Nevertheless, the fact that musically I am obsessed with the melody of this wholly loveable rock song, is rather here nor there. In fact, the reality is that on this album it might be the only song I can truly say that I like. Though there are a couple of tracks that I don’t mind, such as Katuj-ratuj there are a sufficient number of songs like Katlet-matlet that veer too close on the side of metal for my taste, even though they are of course just hard-rock songs, for me to even take issue with the album overall. However, the reason why I am not going to go on a rampage, labelling N.R.M. as “one-hit-wonders” is due to the fact that even though their style of rock may be slightly incompatible with my musical preferences, all I have for the band is just respect and admiration. Their hard-rock style is perfect for what they want to, achieve, and not only that but the zeal with which they sing and play is understandable when their music is put into a political context.
Hailing from what was previously deemed as Europe’s last dictatorship, an honour which they can now share with Hungary, N.R.M have been performing since the 1980s. The band have never played in what an outsider would call a truly ‘free’ Belarus, having existed from before their first and only President, Alexander Lukashenko, took office. The group’s members are very aware of this tragic irony and as such have been using their music as a medium for political satire and protest. Even their name N.R.M., which they adopted months after Lukashenko’s tenure as leader begun, acts as a sideways swipe towards the dictatorship; it stands for ‘Niezaležnaja Respublika Mroja’ which translates to ‘Independent Republic of Dreams’ in English.
The album Try čarapachi has a series of what one can only presume to be political skits mocking the government. This opposition to the ruling powers temporarily got them unofficially banned for several years in 2006, with their songs blacklisted by broadcasters in their homeland. Yet, despite attempts at censorship, the aforementioned title-track on their 2000 release has taken on a new meaning for much of the Belarussian population with it almost reaching anthemic status at the dismay of the government.
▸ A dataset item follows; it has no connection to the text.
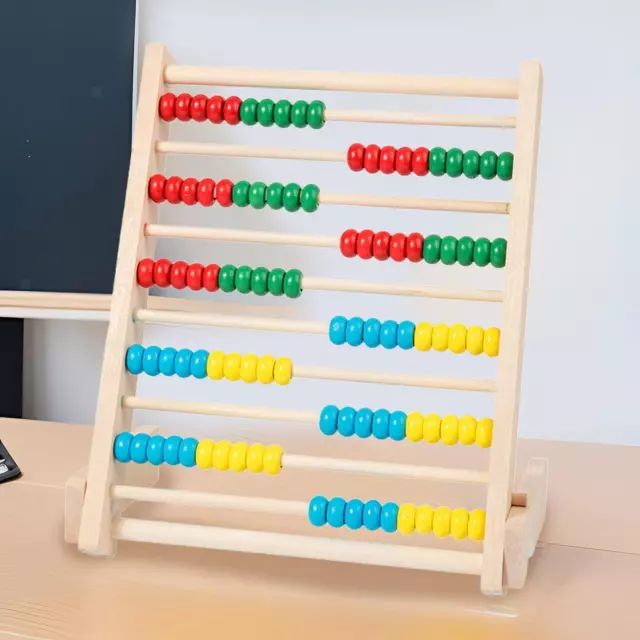 Counting Rack Math Toy for Early Math Learning Math Manipulatives Nurseries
Though the song if taken literally is about ‘three turtles’, it is understood by the masses to have a deeper meaning. The use of 'turtles' as a satirical device, comes from the age-old myth that elephants, turtles and whales support the earth. As such, the song speaks to a society that is fed up of a government that perserveres with its false truths. What's more, even the fact that the song is sung in Belarussian is inherently a political statement, opposing Lukashenko’s cowering to the Russians that has meant that despite being a country that is majority ethnically Belarussian, only 20% of the population speak the Belarussian language in favour of Russian.
Videos of the song being sung by the masses are aplenty. On YouTube you can find renditions of the tune by disenfranchised students at the Belarusian State University of Informatics and Radioelectronics, Dinamo Minsk ice hockey fans on the road in the Czech Republic or even at the June 2011 silent protests. However, the most notable example comes from lead vocalist and guitarist Pete Pawlaw, who, at the ongoing clashes in Belarus that begun last year, was recorded passionately belting out the anthem directly under the noses of armed militia as he and others peacefully protested the dictatorship and its persistent actions of political repression. The video below is beautiful and heart-warming reminding us of the weapon that music can be in fighting injustice and demonstrates a bravery of a band who regardless of how much I enjoy the rest of their music on the album, I appreciate and value more than most.